Saturday 9th August 2014
Northern Counties East League Premier Division
STAVELEY MINERS WELFARE 1 BRIDLINGTON TOWN 4
Tea Hut Stuff: Large Tea 80p (too posh to call it a tea hut)
Weather: Rather sultry and warm, plenty of sunshine
Parking: Club car park
The start of the Northern Counties East season is always a welcome event on the football schedule. There are some great little clubs and friendly quirky grounds spread across this league and you always get value for money. One of the jewels in the crown as regards NCEL venues has got to be the Staveley Miners Welfare ground on Inkersall Road. Some esteemed non league bloggers and football pundits have provided plenty of terrace talk and eye catching photographs over recent years from here and the stadium has been on my hit list for some time now. I had it booked in last season but the fixture in question was unfortunately postponed. Their opening day game against the classy Bridlington Town was simply too good an opportunity to miss.

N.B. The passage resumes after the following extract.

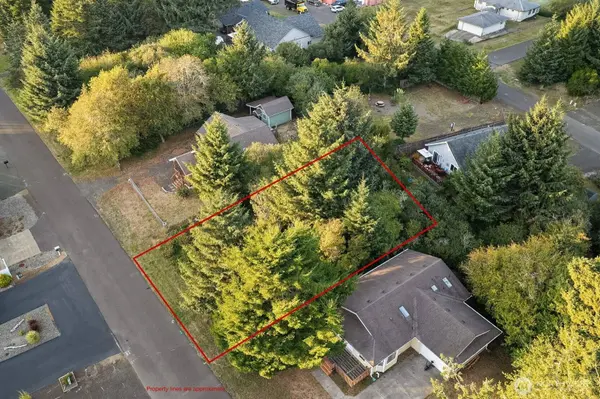 668 Island CIR SE, Ocean Shores, WA 98569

I suppose this was a bit of a prolonged trip for me based upon the current range of the Match Shed and the grief I could potentially encounter for returning back to Krugg Hall well into a Saturday evening. I'd swung the event by offering the Financial Controller (wife) a deserved mystery trip to a lovely market town where she could have a good look around and treat herself, there was some extra cheesy stuff thrown in regarding "she deserved it" and the plan worked like clockwork. I was off to Staveley v Brid and my only baggage was doing her a favour by politely dumping her off in nearby Chesterfield town centre.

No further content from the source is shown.